The pythonic concept of importing is not utilised by MATLAB, and this is why something called Pylab exists.

Pylab is a module within the Matplotlib library that was built to mimic the MATLAB style. It only exists in order to bring aspects of NumPy and Matplotlib into the namespace, thus making for an easier transition for ex-MATLAB users, because they only had to do one import in order to access the necessary functions:

> from pylab import *

However, using the above command is now considered bad practice, and Matplotlib actually advises against using it due to the way in which it creates many opportunities for conflicted name bugs.

### Getting started

Without Pylab, we can get away with just one canonical import; the top line from the example below.

We are also going to import NumPy, which we are going to use to generate random data for our examples.

     
        

In [None]:
import matplotlib.pyplot as plt
import numpy as np

### Our first plot

In [None]:
plt.plot([1,2,3,4])
plt.ylabel('Some numbers')
plt.xlabel("A meaningless axis")
plt.show()

You may be wondering why the x-axis ranges from 0-3 and the y-axis from 1-4.

If you provide a single list or array to the plot() command, Matplotlib assumes it is a sequence of y values, and automatically generates the x values for you.

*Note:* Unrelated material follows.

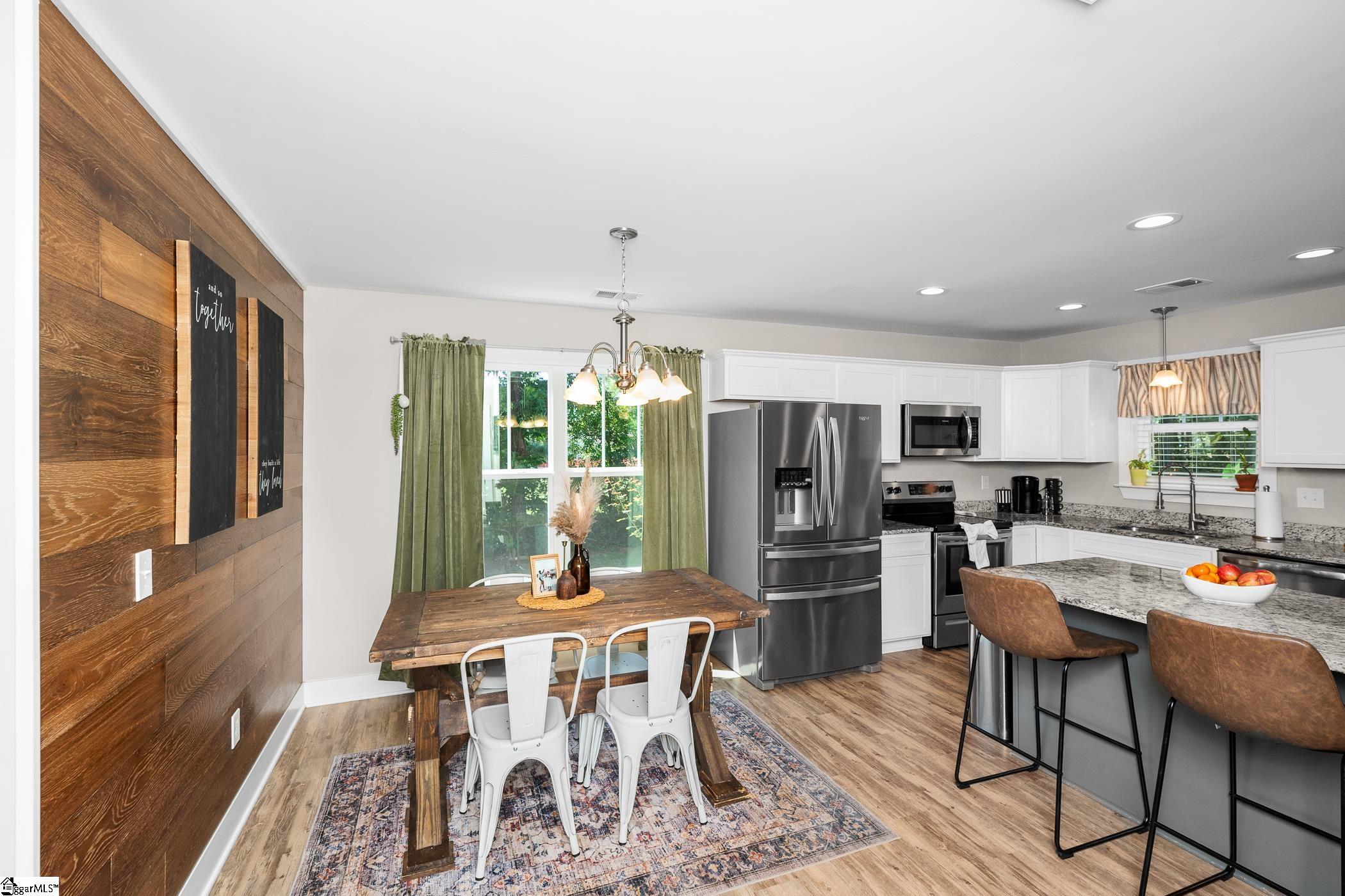 1458 Red Barn Road Liberty, SC 29657-9604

Since Python indexing starts at 0, the default x vector has the same length as y but starts with 0 and ends at N-1. Hence the x data are [0,1,2,3].

### The plot() function

The plot() argument is quite versatile, and will take any arbitrary collection of numbers. For example, if we add an extra entry to the x-axis:

In [None]:
plt.plot([1,2,3,4,5], [1,4,9,50,2])
plt.ylabel('Some numbers')
plt.xlabel("A meaningless axis")
plt.show()

The plot() function has an optional third argument that specifies the appearance of the data points.

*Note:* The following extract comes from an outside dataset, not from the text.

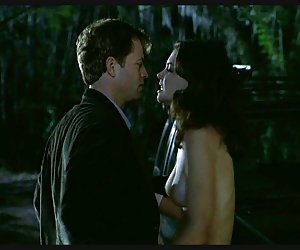 Katie holmes topless stseen laiendatud (hd)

The default is b-, which is the blue solid line seen in the last two examples. The full list of styles can be found here:
https://matplotlib.org/3.2.1/api/_as_gen/matplotlib.pyplot.plot.html 

In the example below, we tell the .plot() command to produce a green data point that is a circle. This is what the "go" denotes.

In [None]:
plt.plot([1,2,3,4,5], [1,4,9,50,2], 'go')

Likewise, we could have red data points shaped as addition symbols.

In [None]:
plt.plot([1,2,3,4,5], [1,4,9,50,2], 'r+')

You can quite easily alter the properties of the line with the plot() function.

In [None]:
plt.plot([1,2,3,4,5], [1,4,9,50,2], '-', linewidth=5.0)
plt.axis([0,10,0,60])
plt.show()

### Altering tick labels

The plt.xticks() and plt.yticks() allows you to manually alter the ticks on the x-axis and y-axis respectively.

Note that the tick values have to be contained within a list object.

In [None]:
plt.plot([1,2,3,4,5], [1,4,9,50,2], '-', linewidth=5.0)
plt.axis([0,10,0,60])
plt.xticks([0,5,10])
plt.yticks([0,25,50,60])
plt.show()

### The axis() function

The axis() function allows us to specify the range of the axis.

It requires a list that contains the following:

[The min x-axis value, the max x-axis value, the min y-axis, the max y-axis value]

In [None]:
plt.plot([1,2,3,4,5], [1,4,9,50,2], 'bo')
plt.axis([0,10,0,60])
plt.show()

### Matplotlib and NumPy arrays

Normally when working with numerical data, you’ll be using NumPy arrays, which we'll cover in detail later. For the time being, you just need to know that these work really well with Matplotlib. In fact, all sequences are converted into NumPy arrays internally by matplotlib anyway.

In [None]:
t = np.arange(0., 5., 0.2)
plt.plot(t,t,'rx',t,t**2,'b*', t, t**3, 'go')
plt.show()

### Working with text

There are a number of different ways in which to add text to your graph:

- title() = Adds a title to your graph, takes a string as an argument.
- xlabel() = Add a title to the x-axis, also takes a string as an argument.
- ylabel() = Same as xlabel().
- text() = Can be used to add text to an arbitrary location on your graph. Requires the following arguments: text(x-axis location, y-axis location, the string of text to be added)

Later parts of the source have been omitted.